Normale, Nadine Richon?

Normale, Nadine Richon?

Nadine Richon est journaliste et écrivain. Rédactrice au service de communication de l’UNIL (depuis 2004). Auteure de Crois-moi, je mens (2014), roman chez Bernard Campiche Editeur. Elle participe au livre collectif publié en 2016 par les Editions du Samovar pour le centenaire du Transsibérien.

Je ne me suis jamais trouvée normale, même aujourd’hui où je dois quand même représenter pour certains une belle tranche de normalité. Je suis fissurée depuis toujours, père suisse, mère brésilienne. Ce n’est pas vraiment une double identité car je ne connais pas le Brésil où je suis née. Arrachée à trois ans au sable de l’océan. Cette mémoire enfantine s’efface au bord du lac Léman. La normalité à laquelle j’aspire alors voudrait que je sois une Suissesse de la tête aux pieds. Je colle à la Suisse et ne supporte aucun interstice entre moi et mon nouveau paysage. Je gomme le Brésil par quantité de petits gestes qui minimisent aussi la présence de ma mère. A l’époque, je ne sais que faire d’une distance qui me désespère en silence. Je n’ai même pas le bon goût d’être Italienne, Espagnole ou Portugaise, comme alors bien des travailleurs sur les routes et les chantiers. Le Brésil ne me sert d’aucun refuge, d’aucune communauté. En même temps je suis totalement protégée de tout risque d’expulsion par ma nationalité suisse.

Ma mère a obtenu le passeport par mariage, automatiquement : en ce temps-là c’était normal. Gamine, je ne profite en rien de mon air quelque peu exotique. On me prend parfois pour une Asiatique, ou alors on souligne ma ressemblance avec Juliette Gréco et, même si je perçois le compliment implicite, cela ne me rassure guère sur mon « épigénétique ». Du côté maternel, j’ignore tout des lointains ancêtres ayant traversé l’Atlantique de Porto à Sao Paulo avec des espoirs de renouveau ; j’ai vaguement entendu dire que du sang indien s’est infiltré dans cette famille. Je me sens pleinement Vaudoise, mais le miroir me renvoie par moments le souvenir fantôme de l’Orénoque-Amazone !

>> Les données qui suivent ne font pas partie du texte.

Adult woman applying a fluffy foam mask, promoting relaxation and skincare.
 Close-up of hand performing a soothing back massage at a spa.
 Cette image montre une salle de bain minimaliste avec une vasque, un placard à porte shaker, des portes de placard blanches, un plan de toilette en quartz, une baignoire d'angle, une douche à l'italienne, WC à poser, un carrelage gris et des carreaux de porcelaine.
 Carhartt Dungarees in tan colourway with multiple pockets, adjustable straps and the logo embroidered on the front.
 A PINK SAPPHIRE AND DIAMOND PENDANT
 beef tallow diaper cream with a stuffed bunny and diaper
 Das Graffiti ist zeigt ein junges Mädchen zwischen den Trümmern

A l’université, une autre distance m’attend. La normalité alors voudrait que je sois fille d’avocat, de médecin, d’agent immobilier ou, disons, d’enseignant. Nous sommes dans les années 80 et les enfants d’ouvriers ne courent pas les bancs de l’académie. En sociologie, mes amis, issus ou non de la bourgeoisie, se positionnent à gauche. Je ne crains plus l’exotisme et j’apprends que si nous sommes toutes et tous ancrés dans une réalité, nous pouvons au prix d’un effort parfois difficile mais toujours fécond élargir l’horizon de la normalité et accroître ainsi nos libertés.

Autre plongeon, à droite cette fois, dans l’univers de la presse écrite. Je vais – avec bien d’autres collègues et pas toujours les plus jeunes – subir fréquemment l’anormalité : celle des hommes régnant sans partage dans les hiérarchies et de certaines femmes trop obéissantes promptes à détester la rebelle improvisée. Un climat de violence symbolique où les puissants vous clouent le bec à la moindre contestation argumentée, mais je me suis également amusée, autant que possible. J’ai persisté avec l’aide de deux ou trois chefs éclairés, alors très connus dans le métier, sans oublier deux femmes inspirées dont les prénoms composés débutaient à l’identique par celui d’une quasi-déesse, Marie. Faut-il saluer encore quelques personnes, ici ou là, qui m’ont laissé faire mon travail sans le démolir, ou serait-ce simplement normal dans un monde normal ?

Tant de subordonnés trouvent évident finalement d’être mal traités, s’habituent à cette anormalité. J’ai eu de la chance, j’ai beaucoup bougé, j’ai appris dans la douleur mais j’ai appris. Mon environnement professionnel me semble aujourd’hui très normal, rassurant, stimulant sans stress inutile. Mais moi je ne serai jamais apaisée en profondeur par une identité claire, une assurance indiscutable, une croyance. Pour finir sur une pirouette cinématographique : nulle n’est parfaite.